Following an “uninteresting” year of low volatility throughout 2019, things have certainly gotten “interesting” for global stock markets in 2020. The rapid spread of COVID-19 from China throughout the planet is leading to massive health, social, and economic upheaval, driving global stock indices sharply lower in an unprecedented, coordinated fashion. On Monday March 16 alone, nearly every single stock in the S&P 500 fell on the day, while the broad index fell nearly -12%, its worst single-day performance in over thirty years. It took US indices a mere 20 days to fall from record highs into “bear market” (-20%) territory, by far the fastest drop on record.

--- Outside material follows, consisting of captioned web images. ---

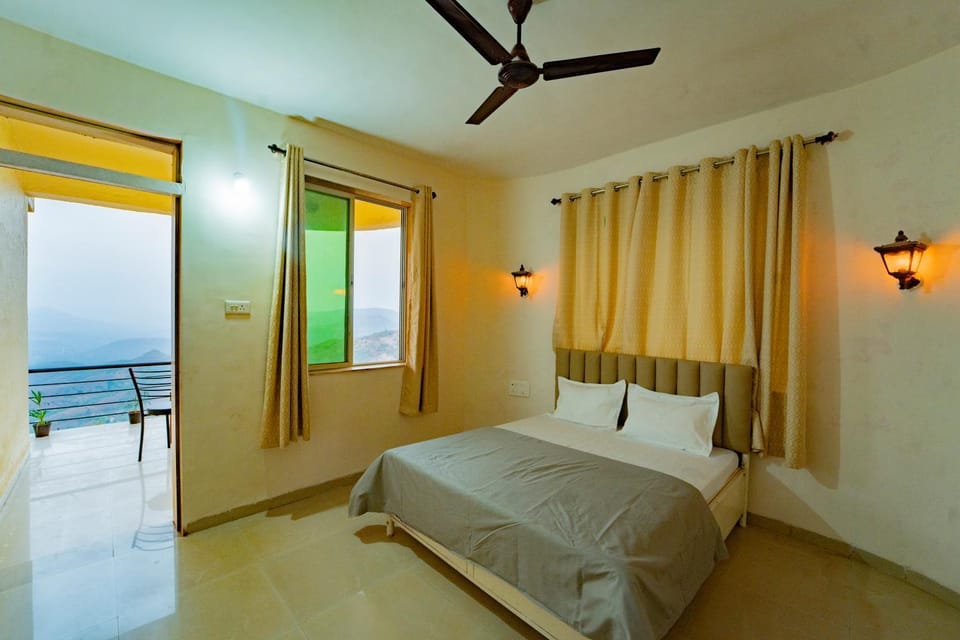 Natural landscape, Photo of the whole room, Bedroom, Mountain view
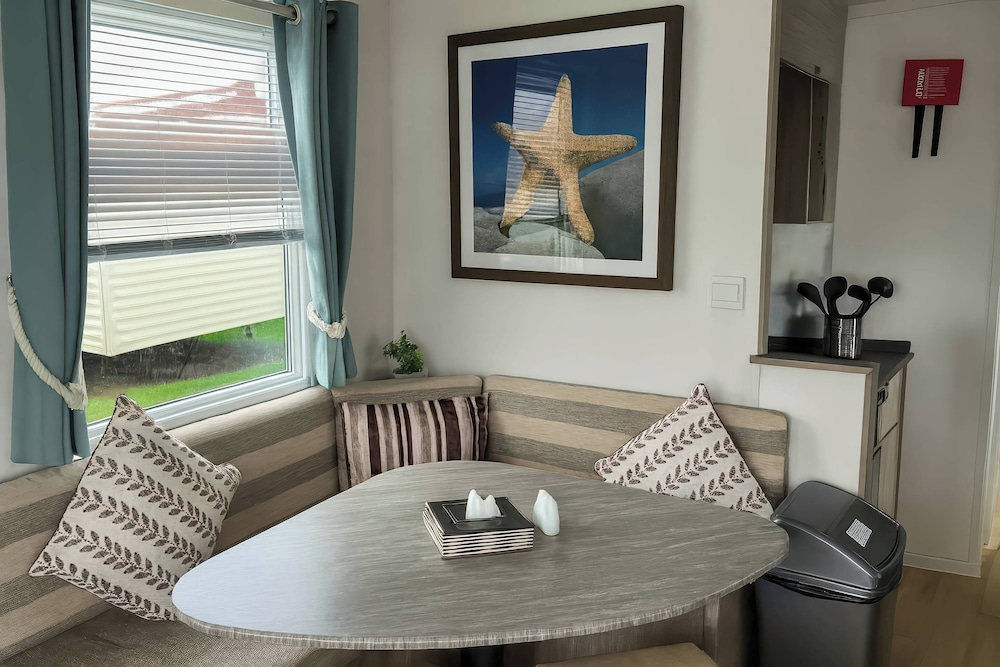 Whitehouse Leisure Park - Holiday Accommodation 19055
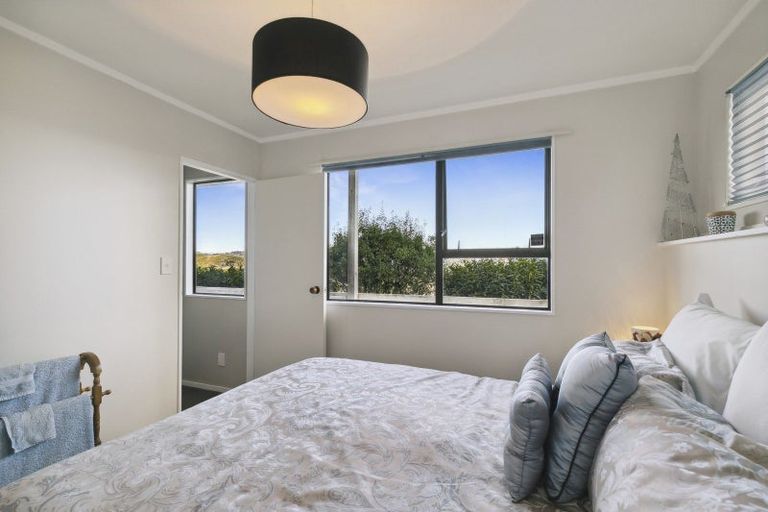 Photo of property in 1/104-106 Madras Street, Khandallah, Wellington, 6035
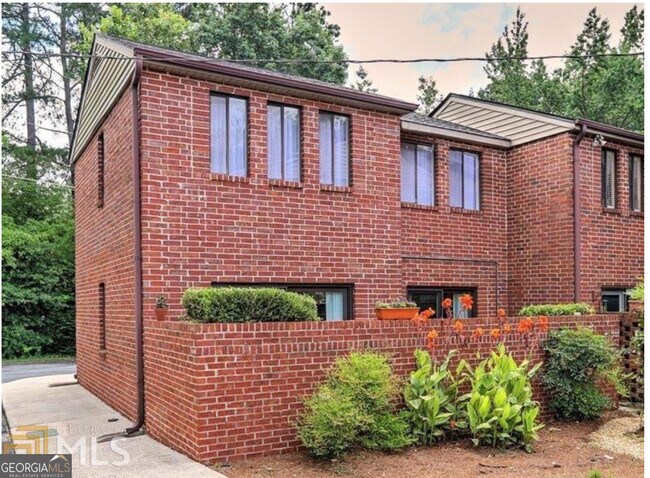 Building Photo - 2262 Pernoshal Ct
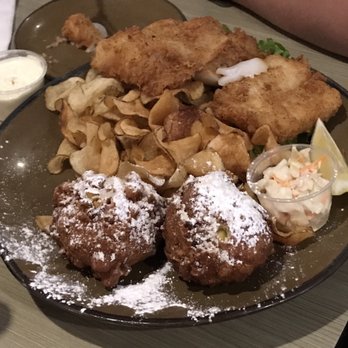 Highway House - Fish & chips - Burgers Near Me - Chicago, Illinois Highway House - Fish & chips - Burgers Near Me - Chicago, Illinois
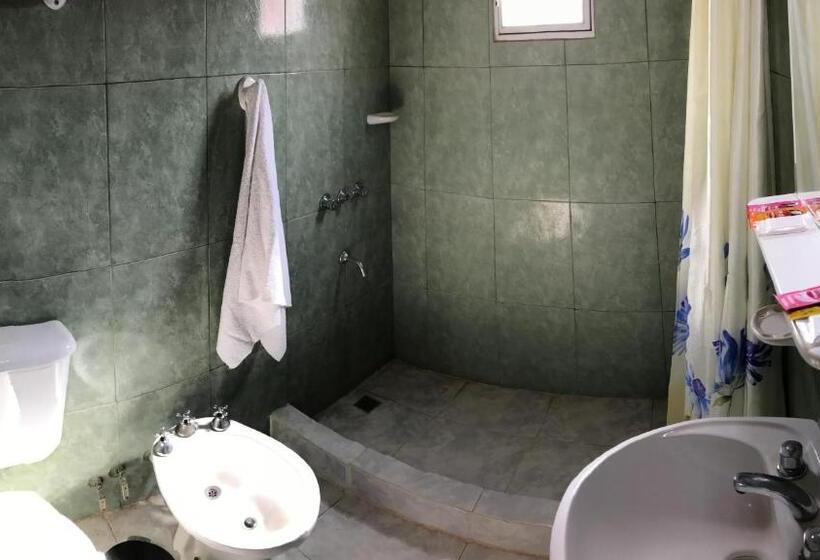 اتاق استاندارد چهار تخته, Hosteria Dharma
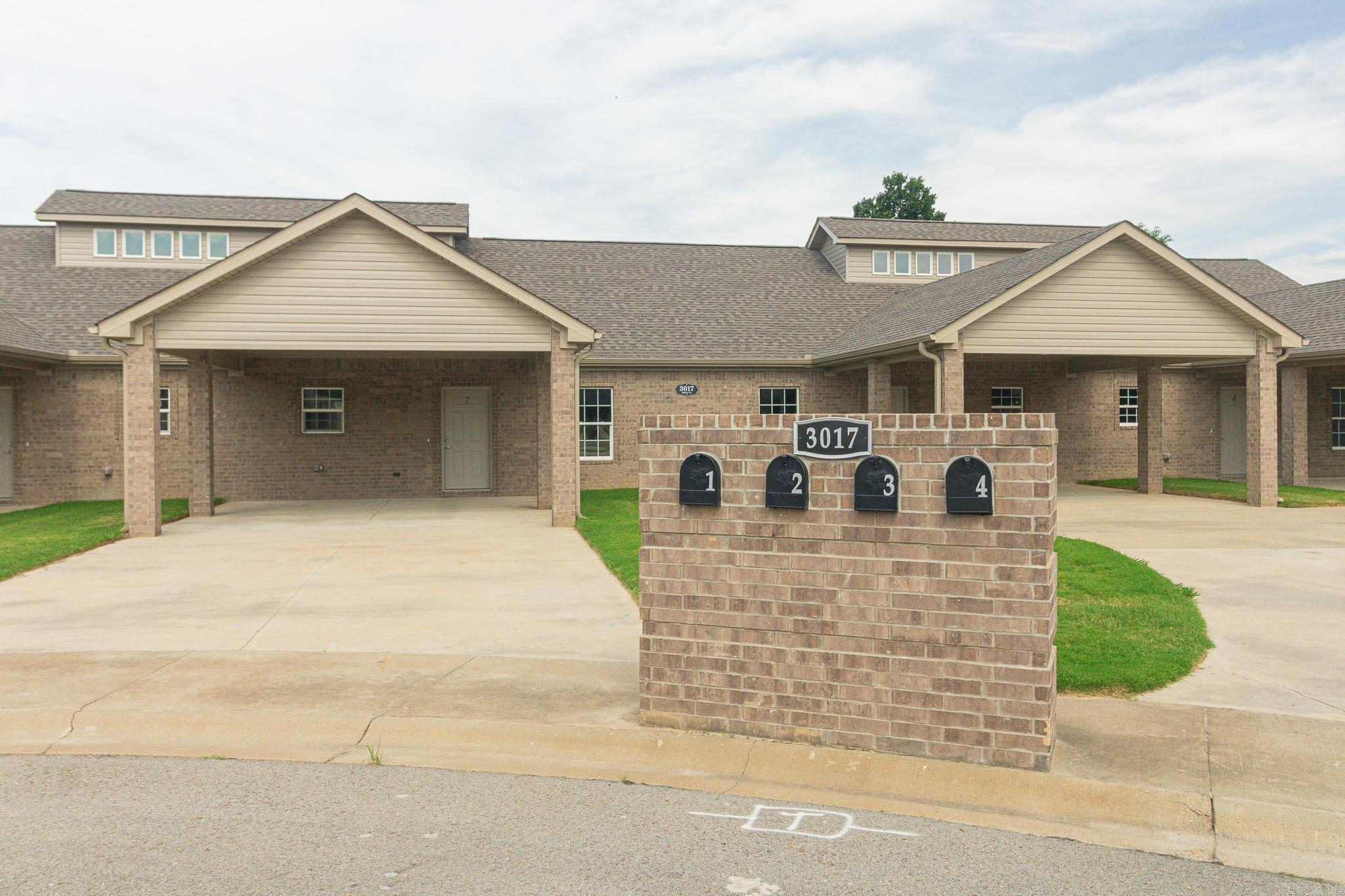 3101 Olivia Court Property Photo 8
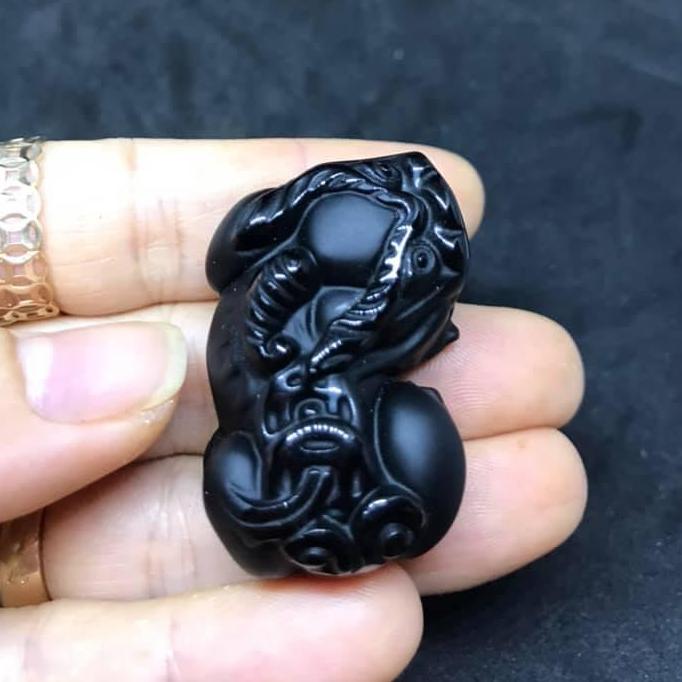 Tỳ hưu đá núi lửa obsidian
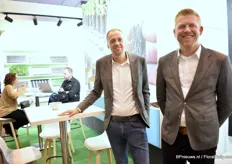 Matthijs van den Berg and Jan Dons of Green Products were at the fair with peat-free test trays, in addition to the 50 different mixes for their plugs.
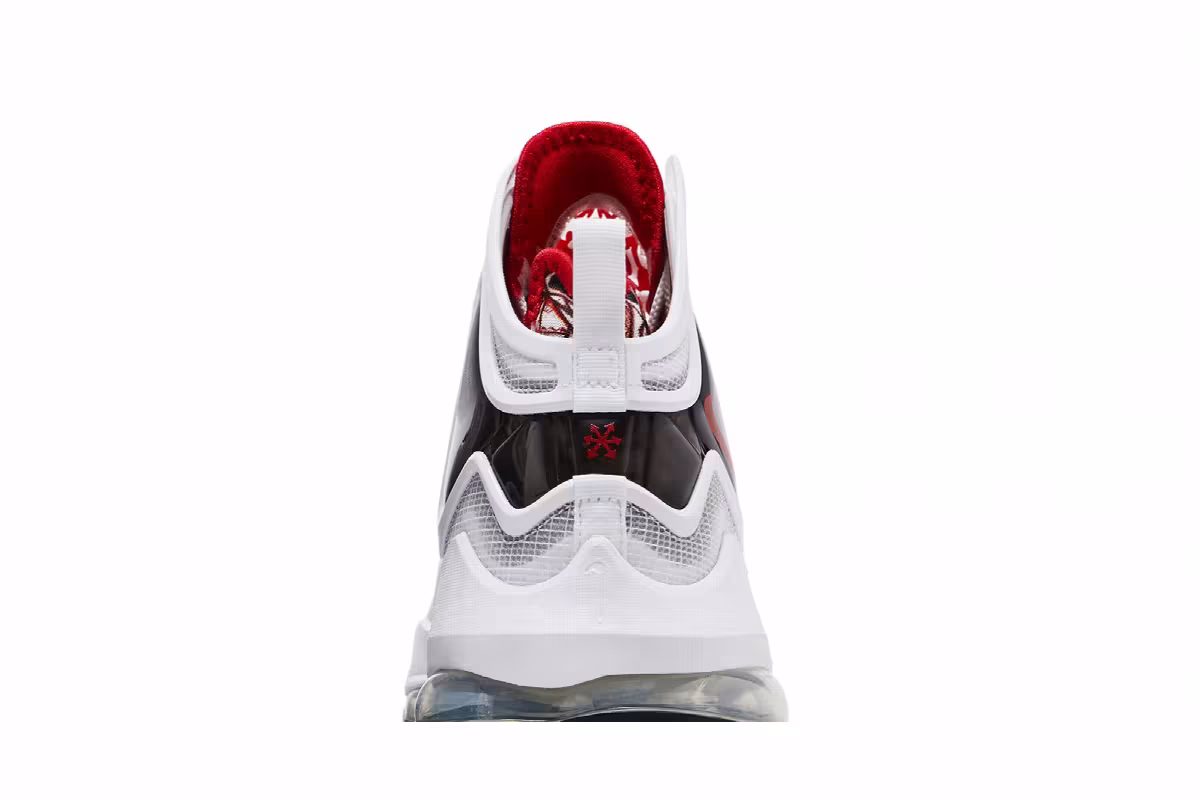 Nike LeBron 19 Sketch, view 8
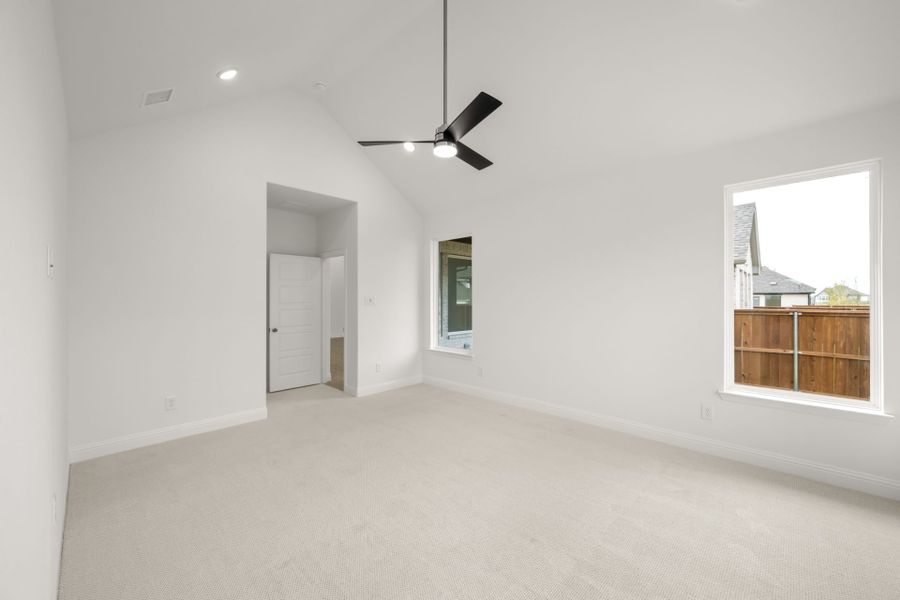 Spacious, unfurnished interior of a new home in Creekview Meadows, Pilot Point (Image 17). Spacious, unfurnished interior of a new home in Creekview Meadows, Pilot Point (Image 17).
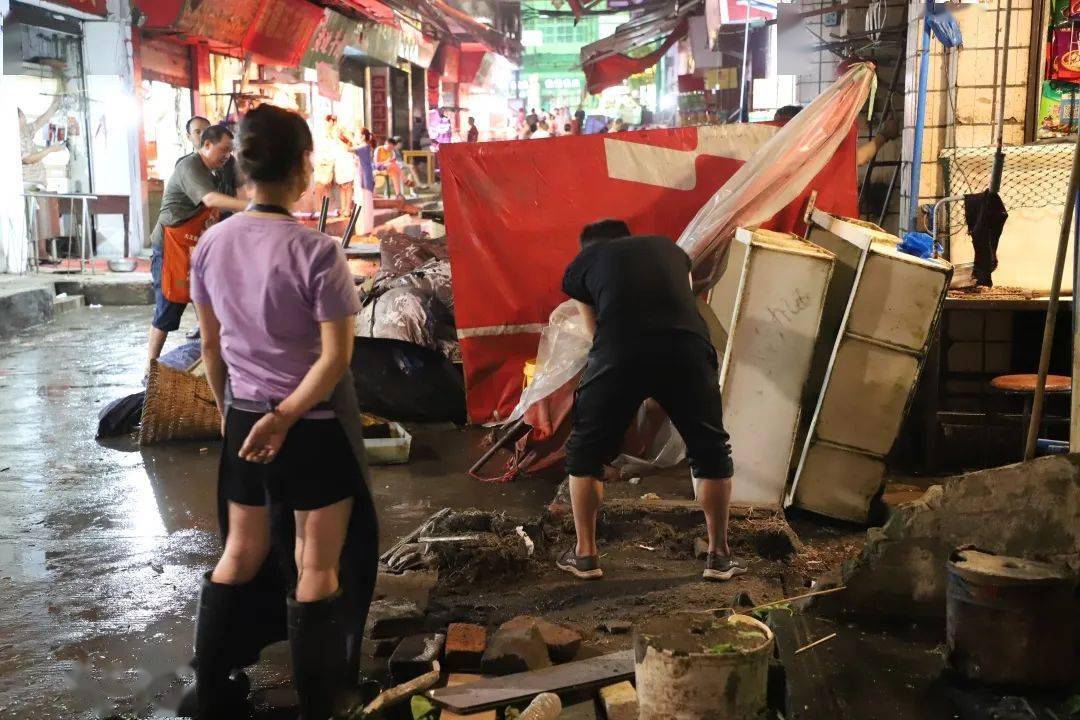 西门菜市场车祸图片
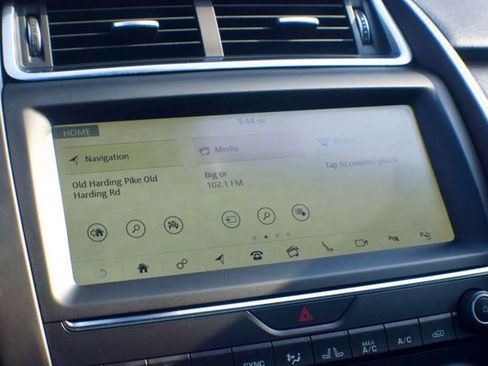 Used 2018 Jaguar E-PACE R-Dynamic S image 30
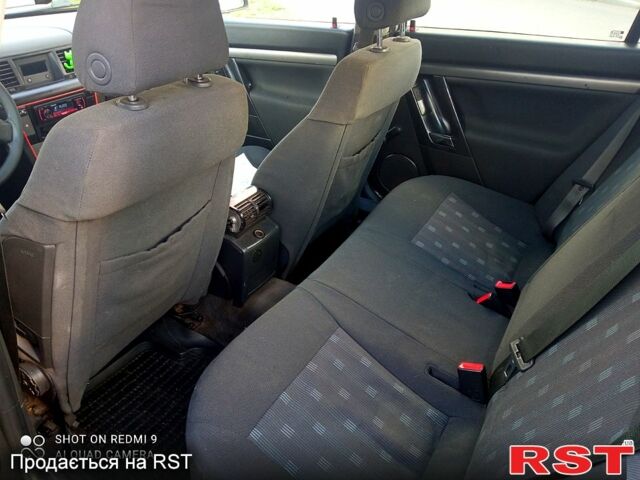 Опель Вектра 2004 в Павлограде на Automoto.ua Серый Опель Вектра, объемом двигателя 2.2 л и пробегом 380 тыс. км за 3300 $, фото 1 на Automoto.ua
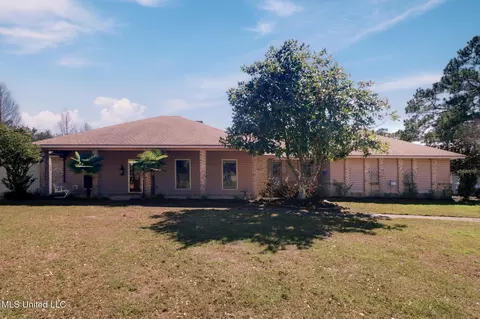 11201 Creek Dr, Gulfport, MS 39503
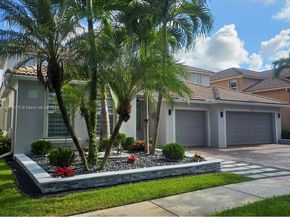 19179 S Gardenia Ave, Weston FL 33332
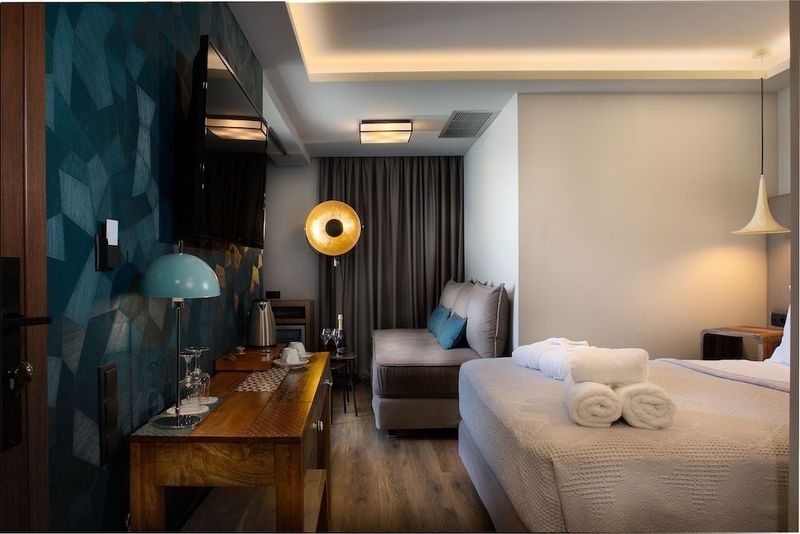 360 Degrees Pop Art Hotel - Image 2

In a crisis, stocks tend to move in lockstep with one another, eliminating the diversification benefit of owning or trading different types of equities. Whether an investor has owned a highly-cyclical cruise ship operator, a fast-growing technology stock, or a stable utility stock, they’ve all moved in a coordinated fashion in recent weeks.
Against this backdrop in the global equity markets, the FX market provides an opportunity for traders to diversify their positions. At the most fundamental level, FX traders don’t care about the absolute value of a currency, but instead its value relative to another currency. As each country employs different policies and strategies to address the fallout from COVID-19, FX traders can decide to buy the currencies of countries they feel are addressing the crisis effectively and sell the currencies of countries that may see more severe consequences. The two-way nature of the FX market, meaning that traders can buy a currency pair as easily as they can sell it, opens an entirely new, potentially uncorrelated world of opportunities to savvy traders.
As the chart below shows, the S&P 500 (green) has melted down since mid-February, but EUR/USD (blue), the world’s most widely-traded currency pair, has shown its own distinct trends, initially rising through late February and the first week of March before turning lower to create opportunities for bearish traders as well:
Source: TradingView, GAIN Capital
These trading opportunities and unique trends abound in the FX market, even when other markets are seeing their correlations increase dramatically. While we don’t know how long the health, social, and financial market distortions from COVID-19 will linger, wise traders should seriously evaluate the benefits of adding the FX market to their trading toolkit… after all, we’re clearly in unusually interesting times!